Write the data below out again, unchanged.

[Saved entries]
###

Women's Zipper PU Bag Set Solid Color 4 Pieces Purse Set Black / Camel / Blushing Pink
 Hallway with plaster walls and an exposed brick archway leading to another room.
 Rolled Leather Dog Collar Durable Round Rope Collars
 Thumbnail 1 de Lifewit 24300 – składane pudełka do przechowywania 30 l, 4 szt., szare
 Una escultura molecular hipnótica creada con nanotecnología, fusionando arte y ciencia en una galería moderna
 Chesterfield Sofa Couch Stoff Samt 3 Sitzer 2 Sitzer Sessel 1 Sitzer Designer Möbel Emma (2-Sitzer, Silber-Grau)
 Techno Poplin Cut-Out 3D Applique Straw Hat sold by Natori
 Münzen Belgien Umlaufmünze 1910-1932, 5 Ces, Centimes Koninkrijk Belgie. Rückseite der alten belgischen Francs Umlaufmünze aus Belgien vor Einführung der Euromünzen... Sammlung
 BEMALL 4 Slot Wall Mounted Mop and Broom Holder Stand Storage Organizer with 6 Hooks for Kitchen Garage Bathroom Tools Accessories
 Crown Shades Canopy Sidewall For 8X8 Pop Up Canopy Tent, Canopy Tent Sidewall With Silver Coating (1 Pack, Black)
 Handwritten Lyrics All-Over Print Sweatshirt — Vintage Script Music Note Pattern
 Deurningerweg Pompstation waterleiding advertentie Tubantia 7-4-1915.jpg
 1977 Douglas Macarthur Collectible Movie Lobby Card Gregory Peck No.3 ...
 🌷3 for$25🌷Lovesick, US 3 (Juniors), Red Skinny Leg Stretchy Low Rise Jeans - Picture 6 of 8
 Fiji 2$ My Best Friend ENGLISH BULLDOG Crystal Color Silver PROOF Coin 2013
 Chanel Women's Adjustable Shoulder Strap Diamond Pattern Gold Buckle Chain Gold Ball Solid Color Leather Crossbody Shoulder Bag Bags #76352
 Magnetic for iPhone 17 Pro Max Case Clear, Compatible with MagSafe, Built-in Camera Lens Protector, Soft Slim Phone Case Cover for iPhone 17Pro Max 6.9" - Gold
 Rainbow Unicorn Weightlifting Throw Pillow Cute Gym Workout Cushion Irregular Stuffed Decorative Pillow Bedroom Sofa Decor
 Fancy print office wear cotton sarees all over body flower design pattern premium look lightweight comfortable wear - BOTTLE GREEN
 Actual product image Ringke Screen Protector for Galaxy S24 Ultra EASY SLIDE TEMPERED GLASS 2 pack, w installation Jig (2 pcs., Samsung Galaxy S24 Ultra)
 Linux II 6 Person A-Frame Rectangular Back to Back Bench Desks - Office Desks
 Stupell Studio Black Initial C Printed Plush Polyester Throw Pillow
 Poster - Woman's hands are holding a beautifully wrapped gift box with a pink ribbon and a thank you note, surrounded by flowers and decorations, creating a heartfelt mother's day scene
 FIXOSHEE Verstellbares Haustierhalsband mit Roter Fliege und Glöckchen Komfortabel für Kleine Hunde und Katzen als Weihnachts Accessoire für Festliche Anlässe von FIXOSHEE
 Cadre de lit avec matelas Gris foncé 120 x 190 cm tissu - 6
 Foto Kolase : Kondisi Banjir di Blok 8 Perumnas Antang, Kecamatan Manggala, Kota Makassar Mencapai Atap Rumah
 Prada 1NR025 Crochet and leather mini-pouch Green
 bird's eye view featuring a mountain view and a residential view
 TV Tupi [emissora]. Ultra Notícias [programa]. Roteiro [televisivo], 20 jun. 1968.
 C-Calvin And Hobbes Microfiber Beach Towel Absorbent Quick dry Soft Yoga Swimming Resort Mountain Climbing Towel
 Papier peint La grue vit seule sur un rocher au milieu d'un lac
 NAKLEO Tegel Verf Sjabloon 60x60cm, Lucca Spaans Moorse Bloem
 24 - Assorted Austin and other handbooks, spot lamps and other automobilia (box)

###

RESPONSE TO THIS TASK:
Women's Zipper PU Bag Set Solid Color 4 Pieces Purse Set Black / Camel / Blushing Pink
 Hallway with plaster walls and an exposed brick archway leading to another room.
 Rolled Leather Dog Collar Durable Round Rope Collars
 Thumbnail 1 de Lifewit 24300 – składane pudełka do przechowywania 30 l, 4 szt., szare
 Una escultura molecular hipnótica creada con nanotecnología, fusionando arte y ciencia en una galería moderna
 Chesterfield Sofa Couch Stoff Samt 3 Sitzer 2 Sitzer Sessel 1 Sitzer Designer Möbel Emma (2-Sitzer, Silber-Grau)
 Techno Poplin Cut-Out 3D Applique Straw Hat sold by Natori
 Münzen Belgien Umlaufmünze 1910-1932, 5 Ces, Centimes Koninkrijk Belgie. Rückseite der alten belgischen Francs Umlaufmünze aus Belgien vor Einführung der Euromünzen... Sammlung
 BEMALL 4 Slot Wall Mounted Mop and Broom Holder Stand Storage Organizer with 6 Hooks for Kitchen Garage Bathroom Tools Accessories
 Crown Shades Canopy Sidewall For 8X8 Pop Up Canopy Tent, Canopy Tent Sidewall With Silver Coating (1 Pack, Black)
 Handwritten Lyrics All-Over Print Sweatshirt — Vintage Script Music Note Pattern
 Deurningerweg Pompstation waterleiding advertentie Tubantia 7-4-1915.jpg
 1977 Douglas Macarthur Collectible Movie Lobby Card Gregory Peck No.3 ...
 🌷3 for$25🌷Lovesick, US 3 (Juniors), Red Skinny Leg Stretchy Low Rise Jeans - Picture 6 of 8
 Fiji 2$ My Best Friend ENGLISH BULLDOG Crystal Color Silver PROOF Coin 2013
 Chanel Women's Adjustable Shoulder Strap Diamond Pattern Gold Buckle Chain Gold Ball Solid Color Leather Crossbody Shoulder Bag Bags #76352
 Magnetic for iPhone 17 Pro Max Case Clear, Compatible with MagSafe, Built-in Camera Lens Protector, Soft Slim Phone Case Cover for iPhone 17Pro Max 6.9" - Gold
 Rainbow Unicorn Weightlifting Throw Pillow Cute Gym Workout Cushion Irregular Stuffed Decorative Pillow Bedroom Sofa Decor
 Fancy print office wear cotton sarees all over body flower design pattern premium look lightweight comfortable wear - BOTTLE GREEN
 Actual product image Ringke Screen Protector for Galaxy S24 Ultra EASY SLIDE TEMPERED GLASS 2 pack, w installation Jig (2 pcs., Samsung Galaxy S24 Ultra)
 Linux II 6 Person A-Frame Rectangular Back to Back Bench Desks - Office Desks
 Stupell Studio Black Initial C Printed Plush Polyester Throw Pillow
 Poster - Woman's hands are holding a beautifully wrapped gift box with a pink ribbon and a thank you note, surrounded by flowers and decorations, creating a heartfelt mother's day scene
 FIXOSHEE Verstellbares Haustierhalsband mit Roter Fliege und Glöckchen Komfortabel für Kleine Hunde und Katzen als Weihnachts Accessoire für Festliche Anlässe von FIXOSHEE
 Cadre de lit avec matelas Gris foncé 120 x 190 cm tissu - 6
 Foto Kolase : Kondisi Banjir di Blok 8 Perumnas Antang, Kecamatan Manggala, Kota Makassar Mencapai Atap Rumah
 Prada 1NR025 Crochet and leather mini-pouch Green
 bird's eye view featuring a mountain view and a residential view
 TV Tupi [emissora]. Ultra Notícias [programa]. Roteiro [televisivo], 20 jun. 1968.
 C-Calvin And Hobbes Microfiber Beach Towel Absorbent Quick dry Soft Yoga Swimming Resort Mountain Climbing Towel
 Papier peint La grue vit seule sur un rocher au milieu d'un lac
 NAKLEO Tegel Verf Sjabloon 60x60cm, Lucca Spaans Moorse Bloem
 24 - Assorted Austin and other handbooks, spot lamps and other automobilia (box)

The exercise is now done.